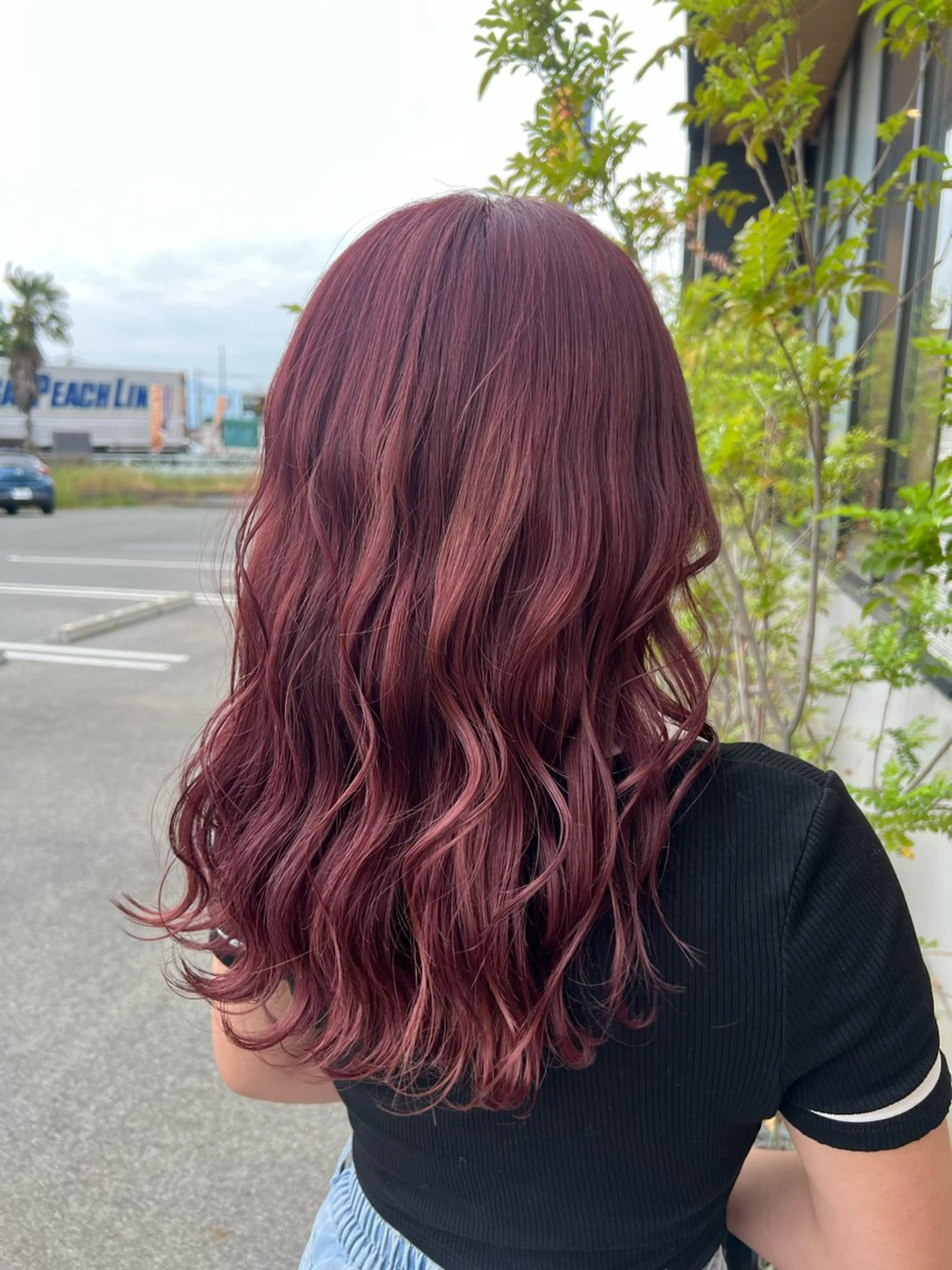 セミロング カラー ピンクカラー 小池 夏美のヘアスタイル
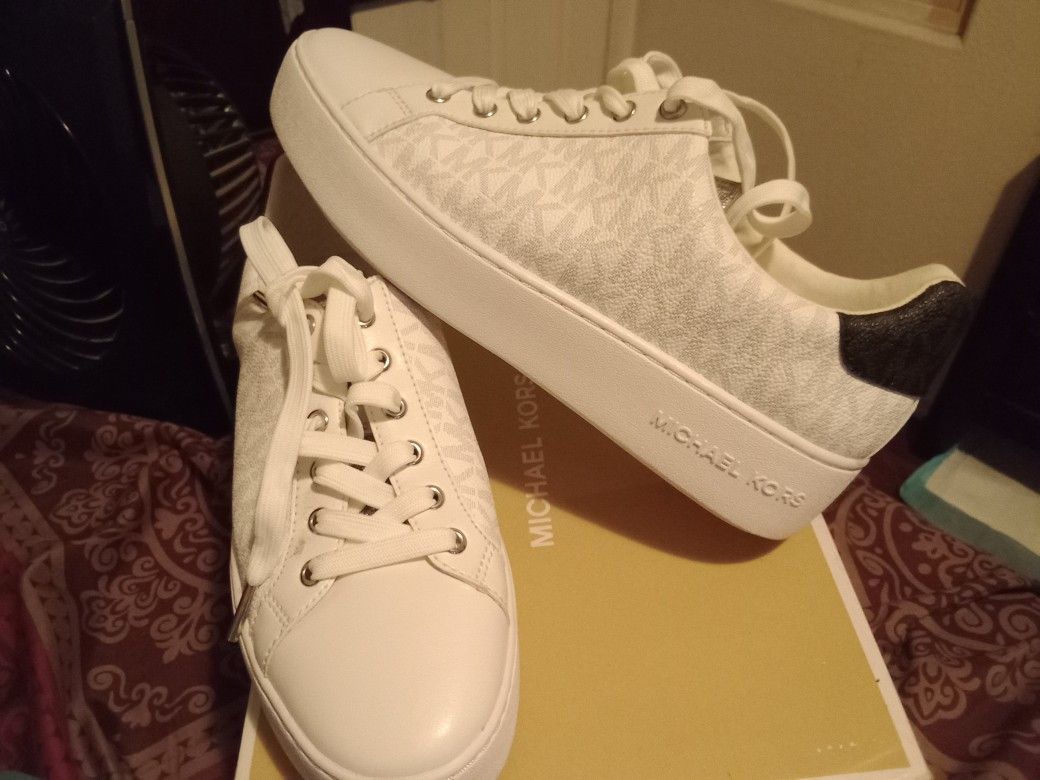 Michael Kors Women's Shoes 8 .5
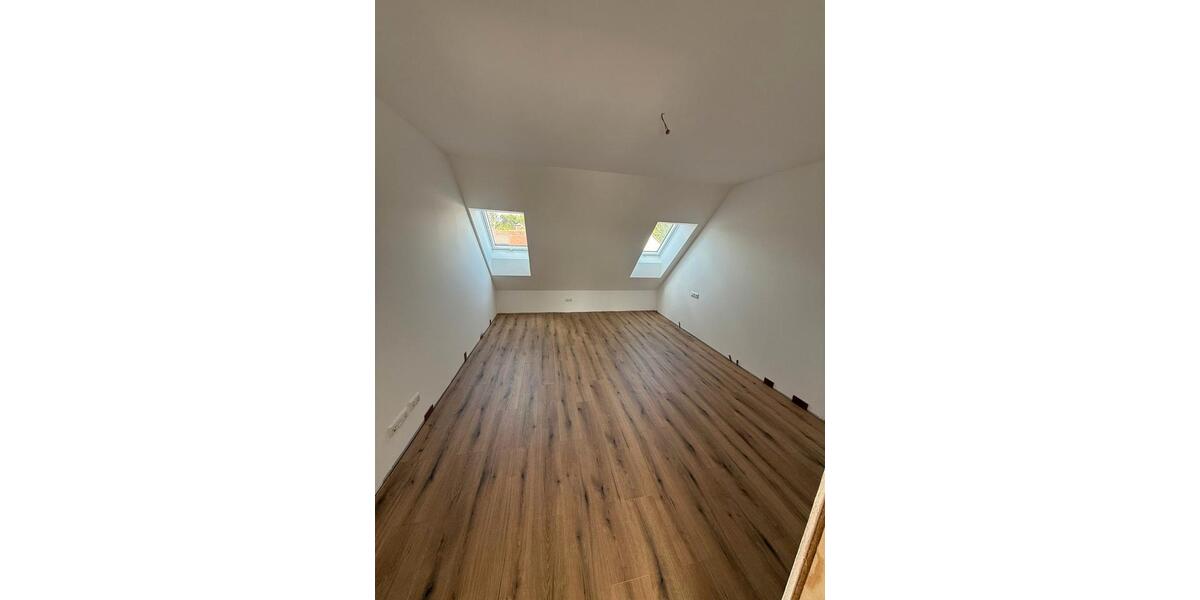Dachgeschoßwohnung Buttenwiesen - 4 Zimmer, 100 m&sup2;, 1.050&euro; | Angebot:26646629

> _Aim of the exercise_
For every line above, produce an exact transcription that omits the images.

> _Written answer_
 セミロング カラー ピンクカラー 小池 夏美のヘアスタイル
 Michael Kors Women's Shoes 8 .5
Dachgeschoßwohnung Buttenwiesen - 4 Zimmer, 100 m&sup2;, 1.050&euro; | Angebot:26646629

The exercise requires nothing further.